The Laws of Probability¶
import pandas as pd
import numpy as np
from utils import values
Introduction¶
This notebook takes a computational approach to understanding probability. We’ll use data from the General Social Survey to compute the probability of propositions like:
If I choose a random survey respondent, what is the probability they are female?
If I choose a random survey respondent, what is the probability they work in banking?
From there, we will explore two related concepts:
Conjunction, which is the probability that two propositions are both true; for example, what is the probability of choosing a female banker?
Conditional probability, which is the probability that one proposition is true, given that another is true; for example, given than a respondent is female, what is the probability that she is a banker?

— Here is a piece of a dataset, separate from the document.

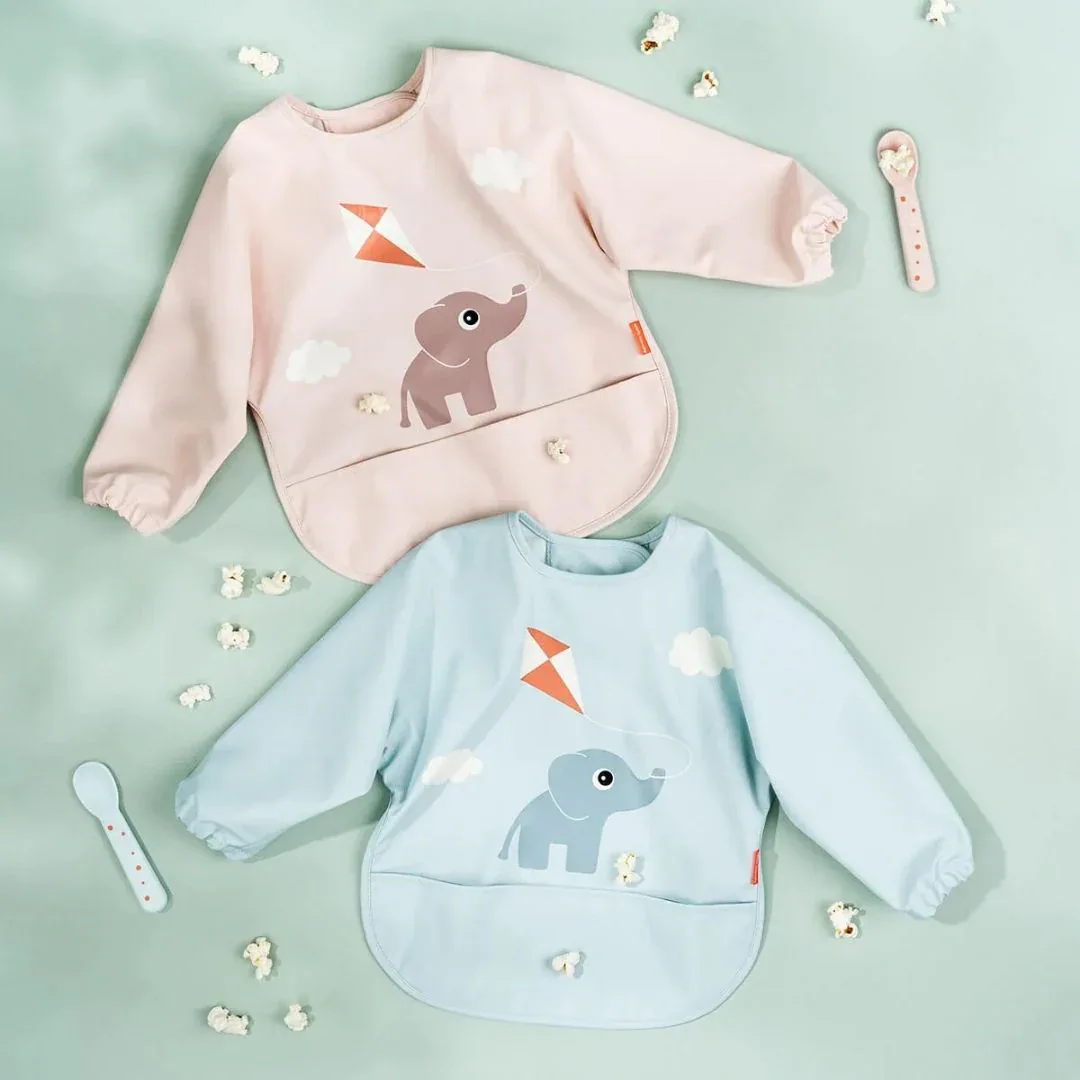 Done by Deer® Bib with sleeves Playground Blue - Image 4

I chose these examples because they are related to a famous experiment by Tversky and Kahneman, who posed the following question:
Linda is 31 years old, single, outspoken, and very bright. She majored in philosophy. As a student, she was deeply concerned with issues of discrimination and social justice, and also participated in anti-nuclear demonstrations. Which is more probable?
Linda is a bank teller.
Linda is a bank teller and is active in the feminist movement.

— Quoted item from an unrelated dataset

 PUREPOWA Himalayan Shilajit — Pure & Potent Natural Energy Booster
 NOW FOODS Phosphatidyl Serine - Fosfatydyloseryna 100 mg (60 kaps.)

Many people choose the second answer, presumably because it seems more consistent with the description. It seems unlikely that Linda would be just a bank teller; if she is a bank teller, it seems likely that she would also be a feminist.
But the second answer cannot be “more probable”, as the question asks. Suppose we find 1000 people who fit Linda’s description and 10 of them work as bank tellers. How many of them are also feminists? At most, all 10 of them are; in that case, the two options are equally likely. More likely, only some of them are; in that case the second option is less likely. But there can’t be more than 10 out of 10, so the second option cannot be more likely.
The error people make if they choose the second option is called the conjunction fallacy. It’s called a fallacy because it’s a logical error and “conjunction” because “bank teller AND feminist” is a logical conjunction.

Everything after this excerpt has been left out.